WHAT TO PRODUCE: Transcribe the lines below exactly. No image belongs in the transcription.

DATASET EXCERPT:
-=-=-=-=-

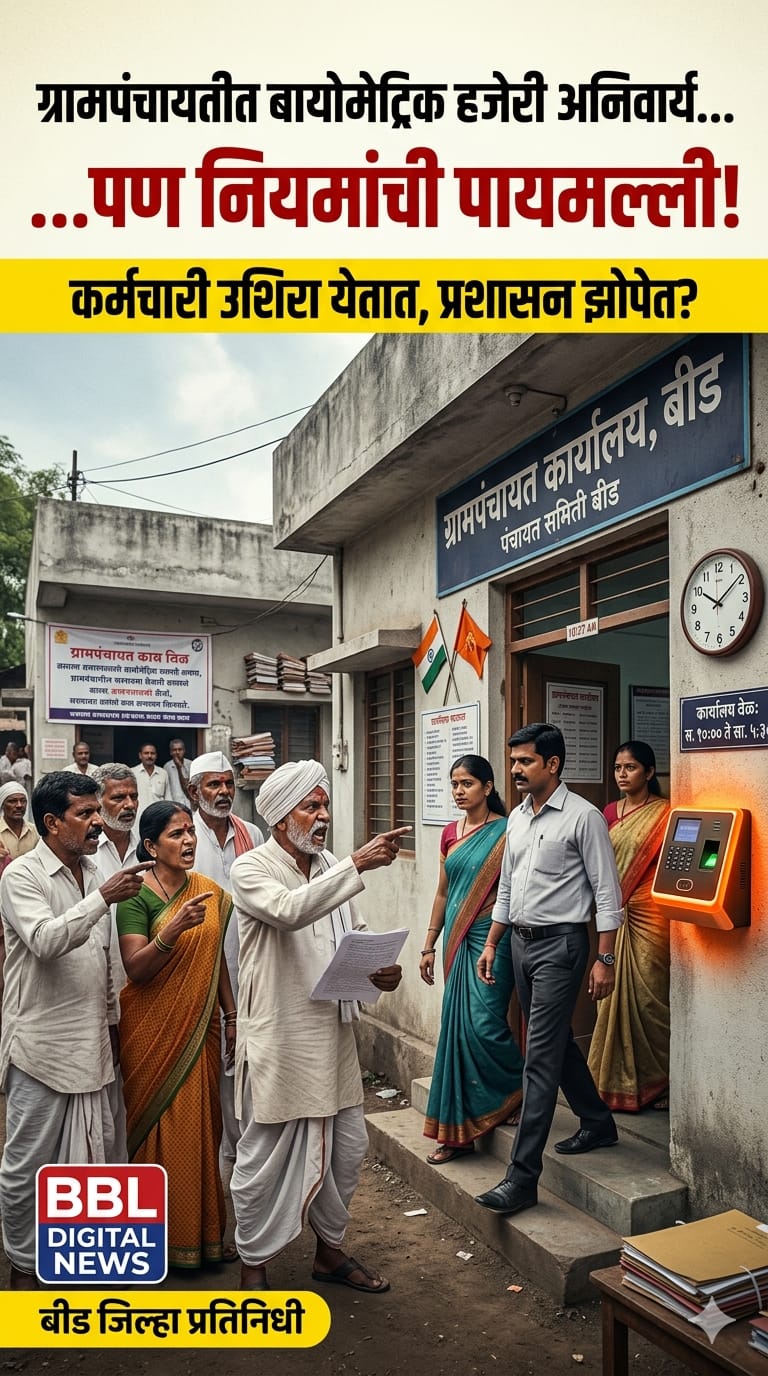 ग्रामपंचायतीत बायोमेट्रिक हजेरी बंधनकारक; तरीही नियमांची पायमल्ली सुरूच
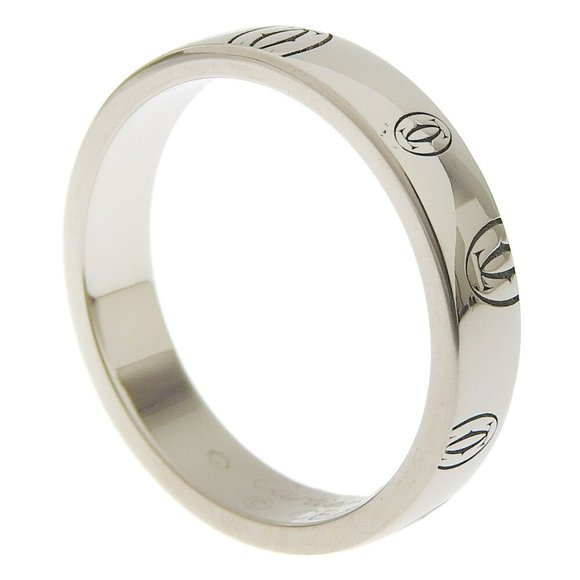 CARTIER Cartier Happy Birthday K18 White Gold No. 13 Women's Ring - Picture 3 of 6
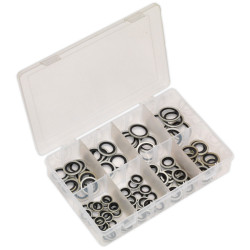 Sealey AB010DS Bonded Seal (Dowty Seal) Assortment 88pc - Metric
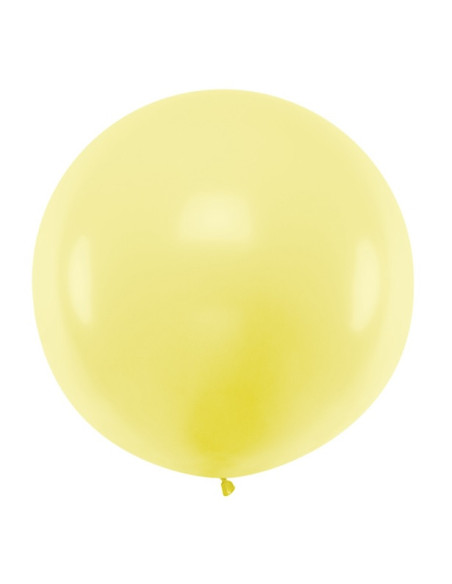 Pastell-Hellgelber Jumbo-Ballon – 1 m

-=-=-=-=-

SOLUTION TO THIS TASK:
 ग्रामपंचायतीत बायोमेट्रिक हजेरी बंधनकारक; तरीही नियमांची पायमल्ली सुरूच
 CARTIER Cartier Happy Birthday K18 White Gold No. 13 Women's Ring - Picture 3 of 6
 Sealey AB010DS Bonded Seal (Dowty Seal) Assortment 88pc - Metric
 Pastell-Hellgelber Jumbo-Ballon – 1 m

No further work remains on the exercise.